WASHINGTON — Reports of the death of outside groups have been greatly exaggerated.
Tensions between the Republican conference and conservative groups like Heritage Action and Club for Growth boiled over last week, after Speaker John Boehner publicly scolded outside groups for coming out against a budget deal before anyone had even seen it.
“Are you kidding me?” the speaker asked, incredulously.
That rebuke, and the overwhelming bipartisan vote for the budget deal, led many on Capitol Hill and in the media to believe that 2014 would usher in a new era — one in which the influence of the outside groups would be diminished.
Nancy Pelosi was “encouraged” by the speaker’s remarks, if skeptical. “That could present a real sea change over there,” Sen. John McCain told reporters. “I don’t think there’s any doubt that Speaker Boehner at times was driven by those many members of his conference and I think he made it clear in those remarks he made that’s not going to be the way he operates in the future.” The groups have “lost whatever credibility they had left after their defund strategy shutdown the government and blew up in everyone’s face,” a senior GOP aide told BuzzFeed, citing the 169 Republicans who voted for the Ryan-Murray budget deal.
But the vote for the Ryan-Murray deal was likely an anomaly, more the result of crisis fatigue and a strong desire to avoid another shutdown.
One conservative member, who did not vote for the budget, told BuzzFeed that it was unlikely Boehner’s comments and the vote would make any kind of difference in the way that the conservative wing of the party voted.
“I’m doubtful that leadership is going to put anything really controversial on the floor next year, especially during the campaign season,” the member said. “So there won’t be a huge divide but only because there won’t be much to be divided about.”
Outside groups use two primary ways to shore up support among members of Congress: “key voting” certain issues and contributing financially to candidates or supporting primary challengers.
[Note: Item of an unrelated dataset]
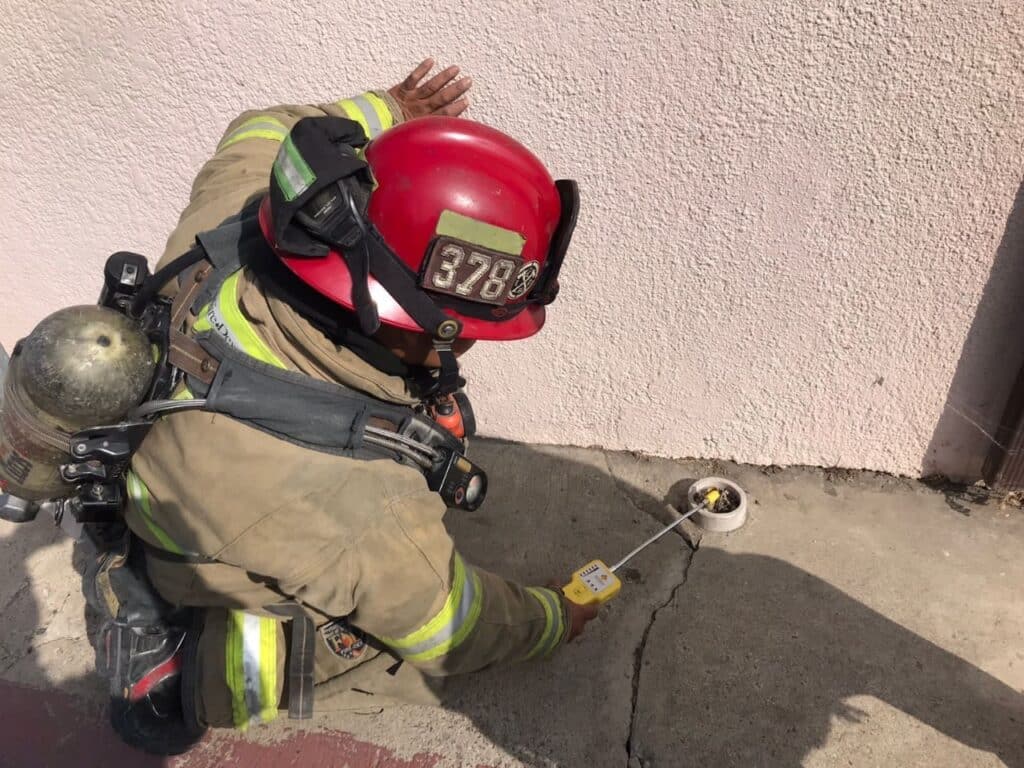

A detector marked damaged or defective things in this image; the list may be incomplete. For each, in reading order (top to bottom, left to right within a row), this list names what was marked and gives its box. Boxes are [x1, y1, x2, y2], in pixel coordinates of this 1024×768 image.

crack in concrete [622, 536, 696, 765]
They’ve often been a thorn in the side of leadership, as have their conservative supporters on the Hill, often blowing up plans and forcing Boehner and his deputies to pursue different tactics.
Sen. Pat Toomey, the former president of Club for Growth, defended to BuzzFeed the impact outside groups could have on members.
“I think the roles vary from group to group. Some are very different than others but the grassroots conservative movement remains a very important source of energy for the Republicans in Congress,” he said.
Even Ryan — the Republican architect of the budget deal — would not trash talk the groups.
“I think these are very important elements of our conservative family,” Ryan said last weekend on Meet the Press.
Boehner’s frustrations, now out in the open, didn’t faze folks at the Club or at Heritage Action, who promise that absolutely nothing is going to change. If anything, it only further emboldened them.
“Some of this is a decision the speaker is going to have to make,” said Dan Holler, Heritage Action’s communications director. “Whether he wants to operate the House with the goal of getting the most conservative legislation that passes with 218 votes or whether he wants to say to the conservatives in his conference, and by extension conservative voters that you are not part of our governing coalition and we’re just going to pass things with Democrats.”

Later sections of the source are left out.